All that brings us to Paris, where these kinds of rules will be more relaxed. Generally speaking, Paris will “definitely be a much different experience than Tokyo,” Ilona Maher, a Team USA rugby player who competed in Japan, tells SELF. For one, no “restrictions regarding sexual activity” will be in place, according to Chovino. “Paris 2024 is not imposing, nor have we been asked to implement, any restrictions in this regard,” she says. And regardless, the IOC is “not policing what people are doing in the village,” Maher says.

Athletes will still have to contend with the cardboard beds—14,250 of them, to be exact, according to Chovino—but they’re probably not the deterrent you might think. While their sturdiness has been disputed, Maher has pointed out that Olympians aren’t exactly a demographic that would need the physical support. “Y’all thinking athletes, Olympic athletes, the top 1% in the world, are gonna be deterred by some cardboard?” she asked in a May TikTok captioned “bffr.” “We’re the best at what we do, but we’re gonna see a cardboard bed and be like, ‘Ugh, sorry, babe, can’t get freaky tonight, it’s cardboard, what are we gonna do?’ No. Okay? They’ll find a way.”

What’s more, it seems like organizers took the possibility (or inevitability) of R-rated antics among Olympians into consideration as they planned Paris. Arriving teams will have access to plenty of protection—a continuation of a tradition that began in Seoul in the 1980s to raise awareness of HIV/AIDs, according to CBS Sports. In total, organizers have stocked up on 200,000 male condoms with latex; 10,000 male condoms without latex; 20,000 female condoms; and 10,000 oral dams, according to Chovino.

There’s “definitely vending machines everywhere” filled with condoms, Des Linden, a US marathoner who competed in London in 2012 and Rio de Janeiro in 2016, tells SELF.

If you’re doing the math—there will be roughly 10,500 Olympians attending, so that’s about 23 pieces of protection per person—and thinking that figure seems awfully high, it’s important to note that the giveaway isn’t all about immediate action. “The volume of condoms ordered is in no way representative of the athletes’ sexual activity,” Chovino says, adding the number is on par with that present at previous iterations of the Games. Instead, she clarifies, the primary objective of the condom policy is “to raise athletes’ awareness of STIs and how they are transmitted.” In fact, STI prevention is one of two pillars of the Paris Games’ prevention policy, reflecting concern about the resurgence of STIs, Chovino says. To that end, she adds, the village medical clinic will provide preventive STI testing services. And if an athlete does pick up an STI, the clinic is prepared to start treatment.

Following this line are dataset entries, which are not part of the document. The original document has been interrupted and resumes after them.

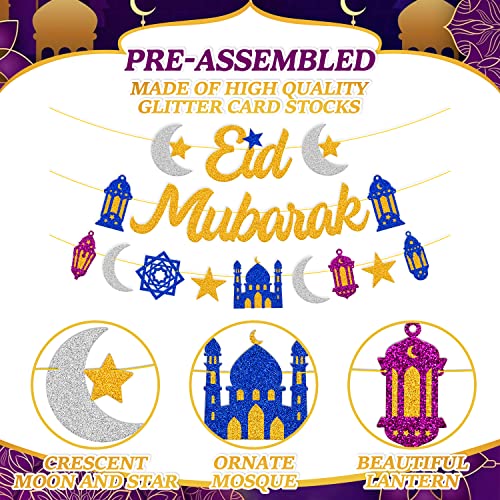 Eid Mubarak Banner Star Moon Lantern Castle Theme Party Supplies for Muslim Islamic Eid Al-fitr Festival Celebration Party Decorations （Gold）
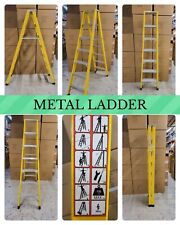 7 Step Ladder Portable Compact Folding Metal Non Slip LADDER Heavy Duty Steel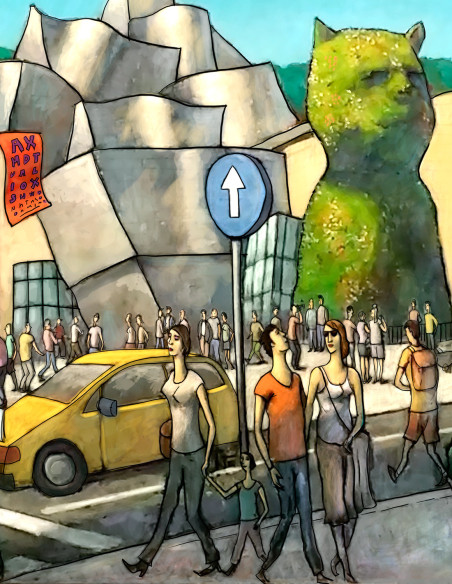 Illustration "Nada como el Guggenheim" by Roskow. A4 and A3 reproductions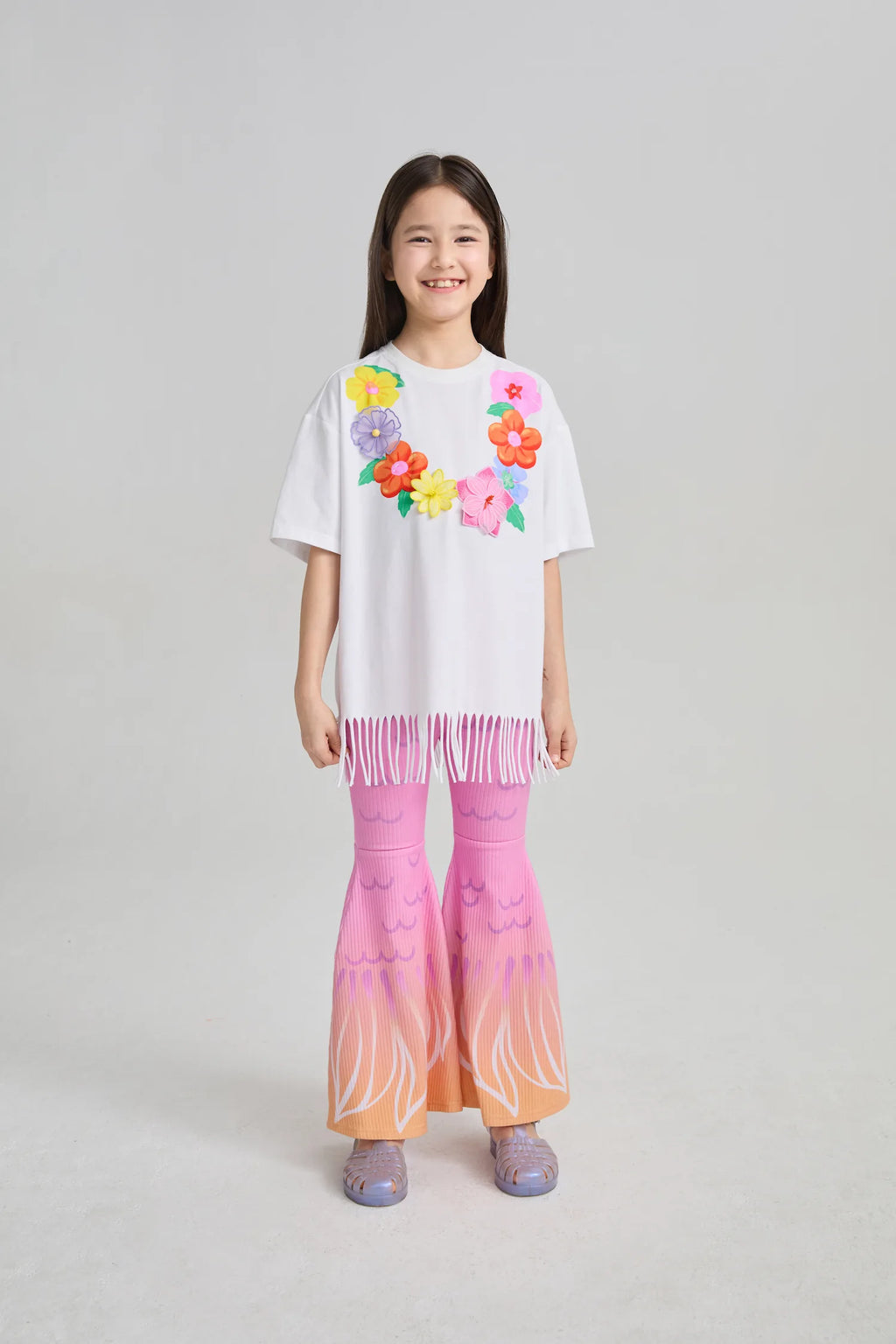 Poco Blush Mermaid Cat Tassel Embroidered Tee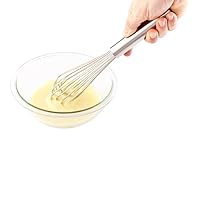 Restaurantware Met Lux 12 x 2.5 x 2.5 Inch Baking Whisk 1 French Whisk With Ergonomic Handle - Dishwashable Won't Corrode Stainless Steel Whisk For Whipping Baking Or Cooking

Regardless of the condoms’ intended purpose, athletes will have the opportunity to mix and mingle (and more) if they so choose. Laurent Michaud, the director of the Paris Olympic Village, told Sky News that the village will feature a lounge and an alcohol-free sports bar. “We wanted to create some places where the athletes would feel very enthusiastic and comfortable so they can have some conversations, discussions, and to share their core values about sports,” he said. Even in the absence of booze, it’s not hard to imagine that some may wind up doing more than just talking—and those who aren’t into the bar scene will have plenty of opportunities for meet-cutes too. In addition to the lounge and sports bar, the village will contain several other shared spaces and public venues, including a post office, a mini-market, a hair salon, and a medical clinic, Chovino says. (Sure, not exactly the hottest of locales but, well, you never know.)